UX is no different. Non-experts do not feel shame at shipping garbage, but appealing to “taste” as a differentiator will get you laughed out of the room by stakeholders who don’t share your set of values. To them, the algorithm can produce something that (in the absence of meaningful, data-informed objections) is satisfactory and therefore fine to ship.
The result is not only that we create terrible experiences, but that those experiences solve the easiest problems, rather than the most valuable problems. Users aren’t buying what we’re selling — but VCs are, so here’s yet another cohort of tools that no one would be using if it wasn’t being made unavoidable.
Design requires a fixed purpose. If computation is the starting point, then the "design" process will be finding possible compatible purposes and massaging the technology into them.
It’s not that AI is fake and can’t produce outputs.

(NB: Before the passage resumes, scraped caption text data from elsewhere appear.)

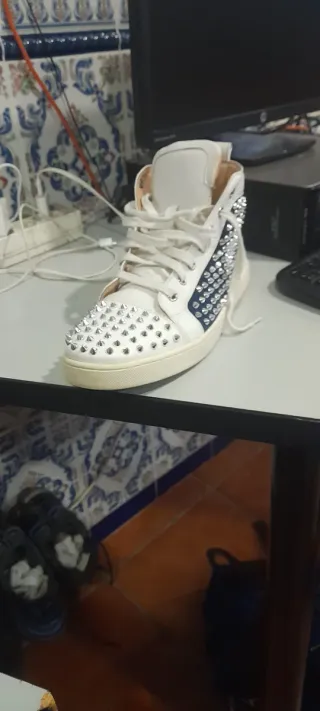 Christian Louboutin Zapatillas Blancas Tachuelas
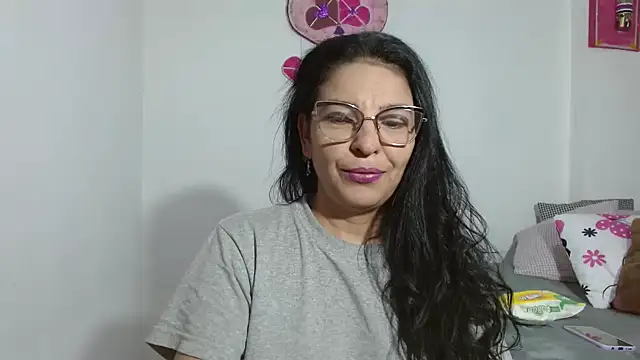 anybellucci43 online show from February 11, 12:48 am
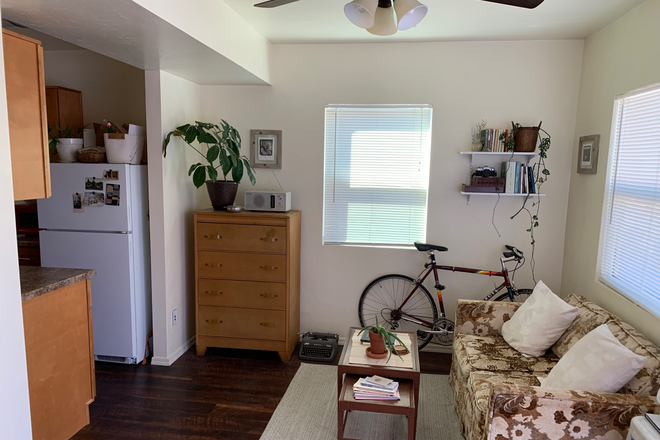 living room - 1116 B Duplex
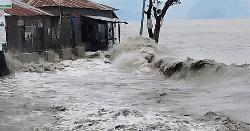নোয়াখালীতে ২৪ ঘণ্টায় ২৮৫ মিমি বৃষ্টি, প্লাবিত উপকূলীয় এলাকা
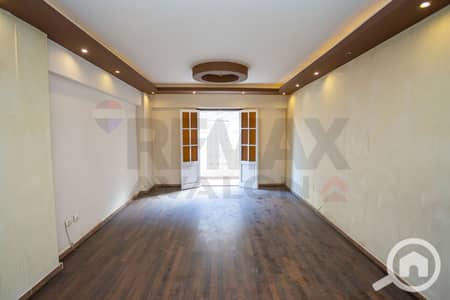 فلیٹ 2 غرفة نوم للايجار في كامب شيزار، الإسكندرية - 1. jpg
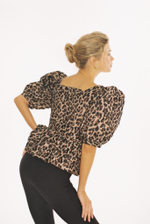 Leopard brown top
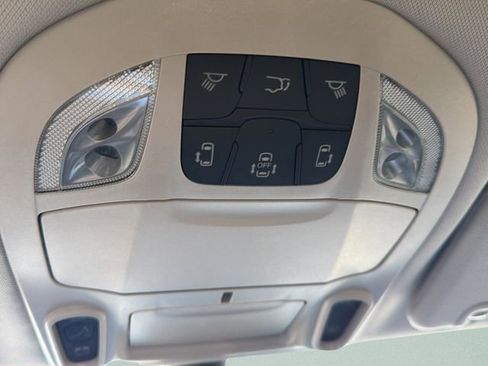 Used 2024 Chrysler Pacifica Limited image 28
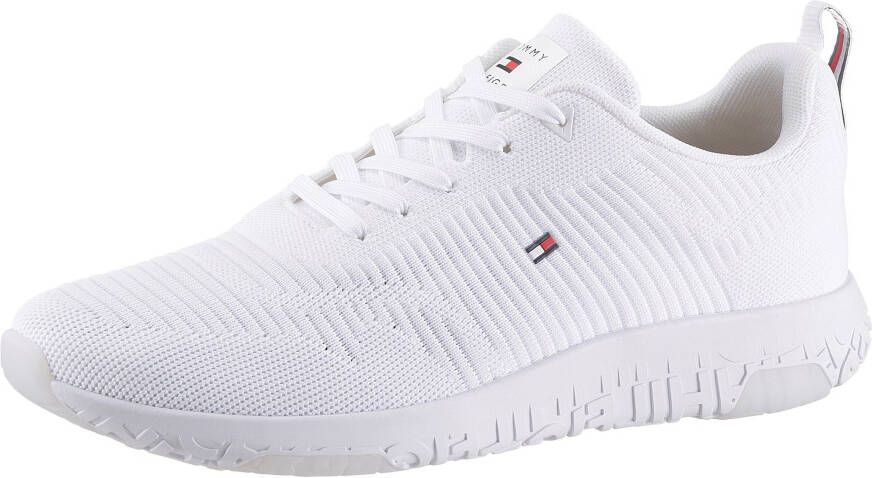 Tommy Hilfiger Sneakers CORPORATE KNIT RIB RUNNER met zijlogo-vlag vrijetijdsschoen halfhoge schoen veterschoen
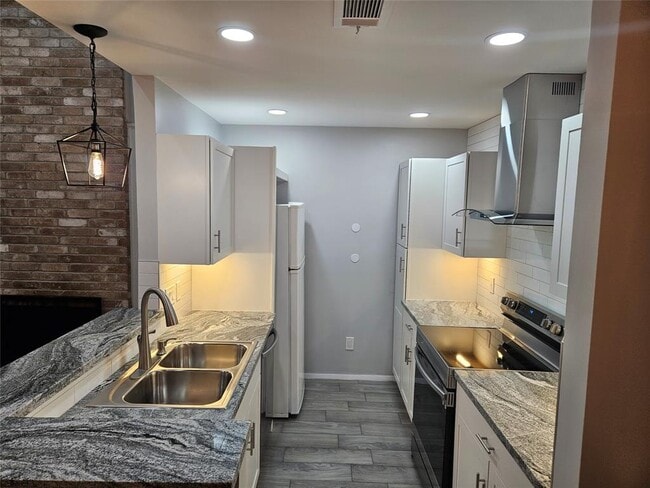 Building Photo - 2209 Singletree Ave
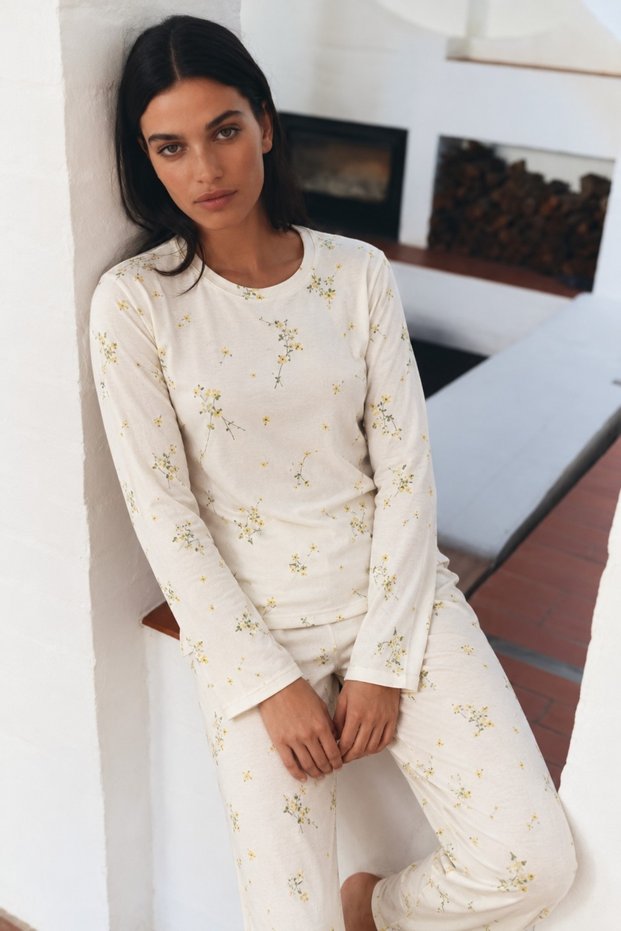 Women's Patterned Long-Sleeved Comfortable Ecru Pajama Set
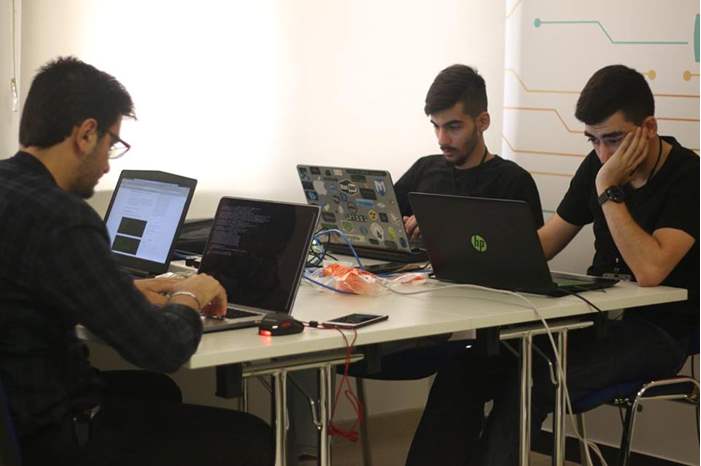 43950553_334928133978370_2032012756462338048_n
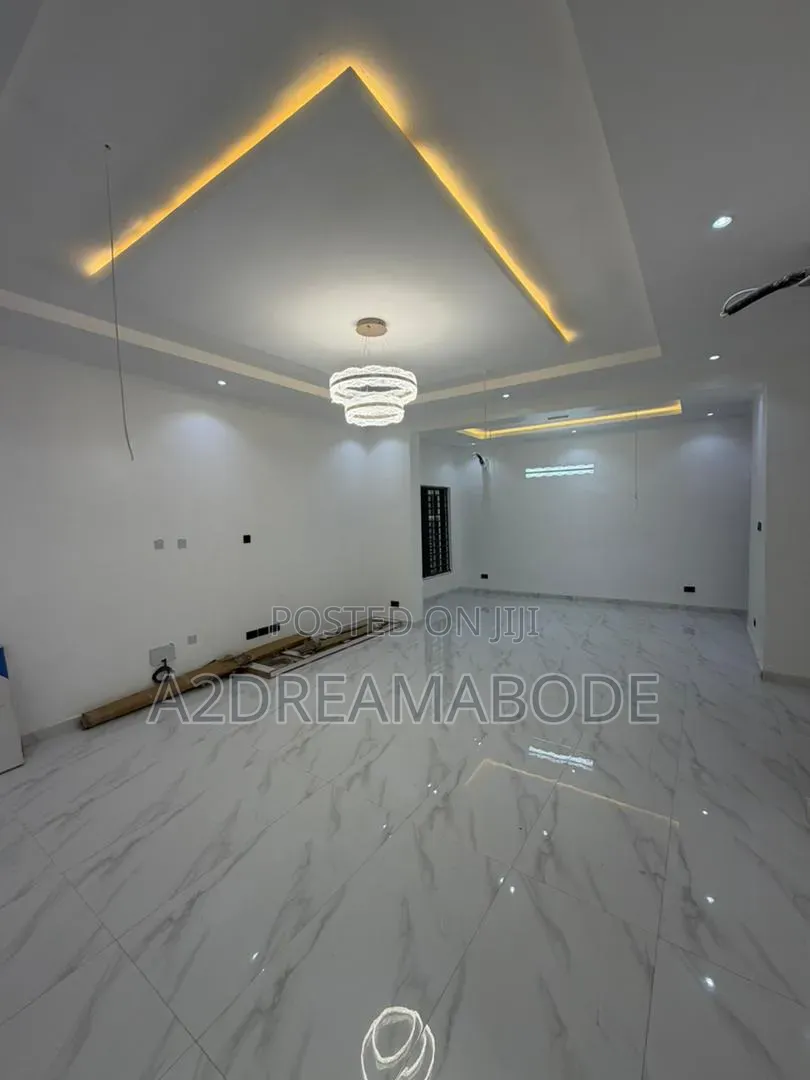 5bdrm Duplex in Omole for sale in Omole Phase 1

It’s just that by appealing to outputs as the value of our labor for decades, we have undermined our own case for why we shouldn’t be automated away. These tools will continue to eat away at the middle range of quality, producing an extremely small market of bespoke, high quality goods and an extremely large market for people who have to put up with garbage because there is no alternative (and if you’re putting all your chips on getting to produce for that first market — so is everyone else, good luck).
Doing It Right
(Analogous to the section about nice stuff introduced last week, I thought it would be nice to formalize a section about actionable advice that you could take away and do something with.)
There has always been a thread through UX design that has maintained we ought to never have strayed away from our webmaster roots; that we won’t be taken seriously unless we can attend to the material in which we produce outputs. While there is a minimal level of understanding how things work, I think that it not quite what we are missing.
Our first goal should not be functional outputs, but conceptual integrity. Instead of constantly trying to expand the scope of work designers take responsibility for, we should find ways to take the scenic route towards our goal. Harness the divergent thinking of unaligned stakeholders to move everyone roughly in the same direction and you’ll spend less time on getting to a place everyone can agree is valuable.